As you can see we have the "nutriscore_grade" facet with two value: "e" and "d", and we got the document count for each value.

The selected field was deduced from an analysis of the request. If we were to ask for the labels_tags facets with the same request, the en:fair-trade label would be selected, as it is an active filter. (note that it only works if you write the query in a specific way).

You can try and ask both facets by using nutriscore_grade,labels_tags as the facets parameter.

Creating a search Page using web components#

Now that we have played around with the API, we might want to create a search page to let users do their own search in a visual way.

That's were Search-a-licious also got you covered.

Search-a-licious provides web components that let you build your search page easily.

Building a search interface#

Let's try it and create a static html page. We won't care much about the "look and feel" for now, for sake of simplicity.

A simple way to serve the page, is to add a file in the frontend/public folder²

Let's create a tutorial.html file with a very basic initial content:

<!DOCTYPE html>
<html>
<head>
    <title>Search-a-licious tutorial</title>
    <!-- this makes the various searchalicious components available -->
    <script type="module" src="./search-a-licious.bundled.js"></script>
</head>
<body>
  <div id="search-bar">
  <!-- the search bar where you can add text -->
  <searchalicious-bar></searchalicious-bar>
  <!-- the button to launch the search -->
  <searchalicious-button></searchalicious-button>
  <!-- sorting -->
  <searchalicious-sort auto-refresh>
    <searchalicious-sort-field field="nutriscore_grade">Best nutriscore</searchalicious-sort-field>
    <searchalicious-sort-field field="-nutriscore_grade">Worst nutriscore</searchalicious-sort-field>
  </searchalicious-sort>
  </div>
  <div id="results">
  <!-- display of results -->
  <searchalicious-results>
    <!-- this define a template for results.
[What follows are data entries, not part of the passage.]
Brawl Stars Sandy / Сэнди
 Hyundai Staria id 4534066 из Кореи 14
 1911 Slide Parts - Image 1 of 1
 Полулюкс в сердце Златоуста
We can use ${} expression with a result object containing result fields -->
    <template slot="result">
      <li>
        <a href="https://world.openfoodfacts.org/${result.code}">${result.product_name}</a>
        − Nutri-Score: ${result.nutriscore_grade}
      </li>
    </template>
  </searchalicious-results>
  <!-- a small display of the number of results -->
  <searchalicious-count></searchalicious-count>
  <!-- pagination -->
  <searchalicious-pages></searchalicious-pages>
  </div>
</body>
</html>

As you can see this is a big file but not so big for search page.

If you know html you should be able to read this quite easily. Let's focus on some elements:

first of all we have to import the search-a-licious library to make it available. This is done through the classical script element (in head), but note the type="module" property.
next we have the searchalicious-bar component. This is the central component. Not only will responsible for the input in the search bar, but it also centralize the search options.
then we have the searchalicious-button, which, as you guessed, is just responsible to launch the search (hitting enter in the search bar also works, but it might be more evident for some users with a button)
Sorting is a bit more complex, we have the searchalicious-sort component, and inside we added the options we want to offer for sorting. The field property takes the same value as you would put in the sort_by parameter of the search API, and the inner text will be displayed to the user.
To display our results, we need the serachalicious-results component. Inside it we need to define a template, with the property slot set to result. In this template we can use simple variable interpolation as in a javascript template literal, with the result variable containing one search result, as returned by the API. This will be used to display each results. As the results use a <ul> element, it's better to enclose your result in a <li>.
The searchalicious-count component will simply display the number of results.
Finally the searchalicious-pages component is there to display a list of pages.

Trying our interface#

Let's try to use it !

We can go to http://localhost:8000/static/tutorial.html and see our interface.

FIXME screen capture

We can type fair trade in the search bar, hit the search buttons and see results displayed.